Choose that which the butchers call a "point steak." It is not only the most economical, but the best cut of the rump. If there is any doubt about its being tender use the kreatome, or steak tenderer, and having done so, put a teaspoonful of vinegar in a dish, pass the steak through it on both sides, and allow it to lie for at least an hour. When the time for cooking arrives, sprinkle each side of the steak with pepper and salt, put it on a gridiron over a clear fire, and cook quickly at first, to slightly harden the outside and cause the meat to retain its juices. With the steak-tongs turn the steak every minute, this prevents the possibility of its getting dry, as well as the loss of gravy, A steak of average thickness will take from ten to twelve minutes to broil properly.

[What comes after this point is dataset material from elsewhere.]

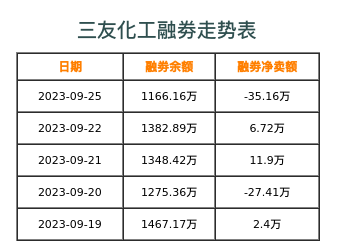 三友化工融券表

If there is no objection to the flavour of shalot, shred one as finely as possible, put it on the dish on which the steak is to be served with a slice of butter, put it into the oven whilst the steak is cooking. Home-made catsup may be substituted for the shalot, or butter alone be used. When the steak is done, pass it on both sides through the butter, sprinkle over it a little more pepper and salt, and take care to serve very hot. Should the fire be slow, the steak must only be turned every two minutes, and when done it should be a rich brown on both sides.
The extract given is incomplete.